BACKGROUND: Idiopathic granulomatous mastitis (IGM) is a rare inflammatory disease of the breast with clinical features that are often confused with those of breast cancer leading to delayed diagnosis and treatment. This retrospective study aimed to evaluate the therapeutic effectiveness and cosmetic results of drainage surgery using ultrasound-guided vacuum-assisted excision (VAE) for the treatment of IGM at the abscess stage.

METHODS: The time of recovery, cases of further surgical intervention, and cosmetic results were retrospectively collected and analyzed from patients who underwent drainage with VAE or conventional drainage between October 2017 and August 2021.

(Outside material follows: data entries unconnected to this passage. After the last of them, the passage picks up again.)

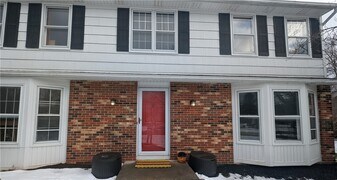 6 Foxpointe Cir in Fairport, NY - Building Photo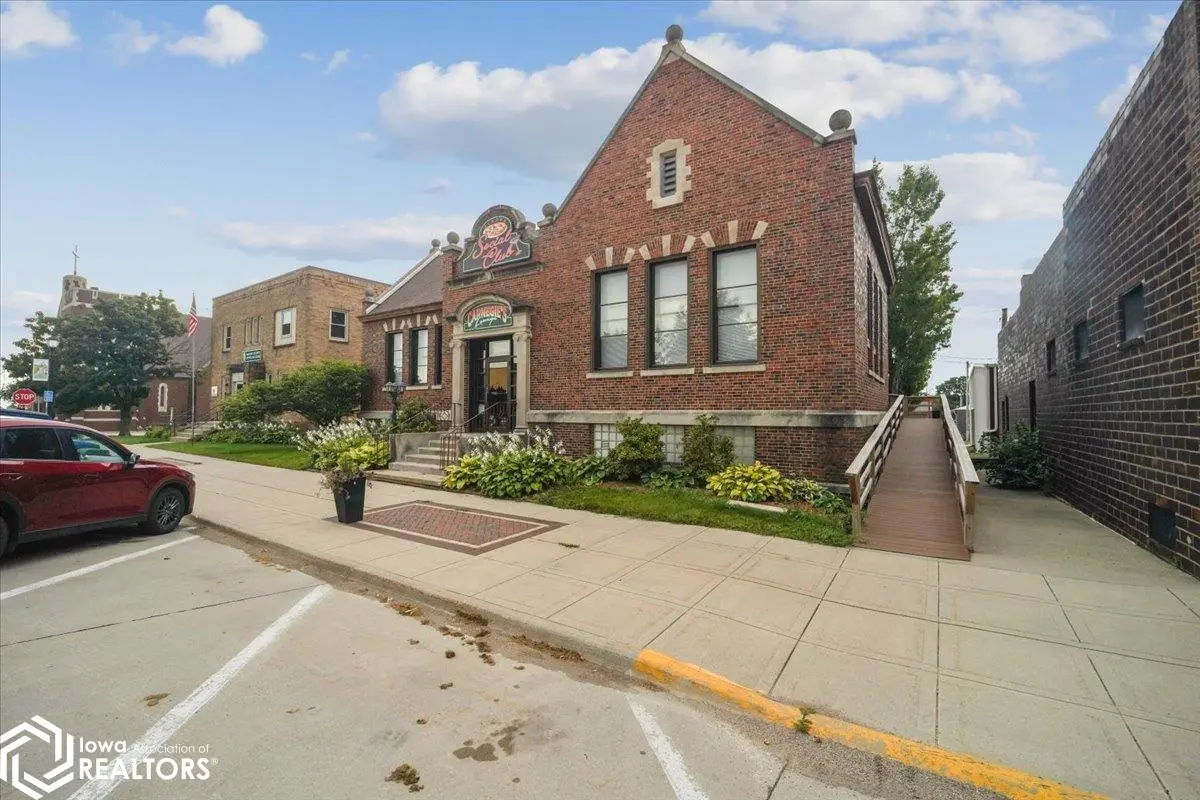 1209 14Th AVE, Eldora, IA 50627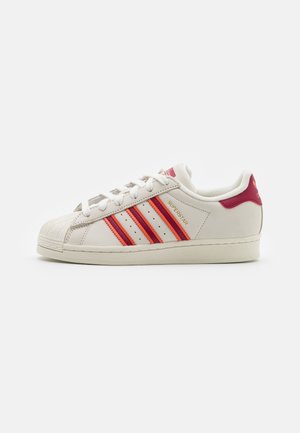 SUPERSTAR - Matalavartiset tennarit - white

RESULTS: A total of 65 patients diagnosed with IGM at the abscess stage who underwent drainage surgery with VAE or conventional drainage surgery were enrolled. Overall, 38 (58.5%) underwent conventional drainage surgery and 27 (41.5%) underwent drainage with VAE. We found that patients who underwent VAE recovered much faster than those who underwent traditional drainage surgery (30.1 vs. 48.0 days). Nine (33.3%) patients in the VAE group required further surgical intervention after drainage, whereas 33 (86.8%) patients in the control group underwent another surgery to resect residual lesions. Additionally, patients in the VAE group were more satisfied with the breast appearance, mainly due to less influence of the scars and better symmetry of their breasts.

CONCLUSION: Compared with conventional drainage surgery, drainage surgery using VAE for IGM patients at the abscess stage improved therapeutic and cosmetic outcomes. Furthermore, postoperative management of IGM is crucial.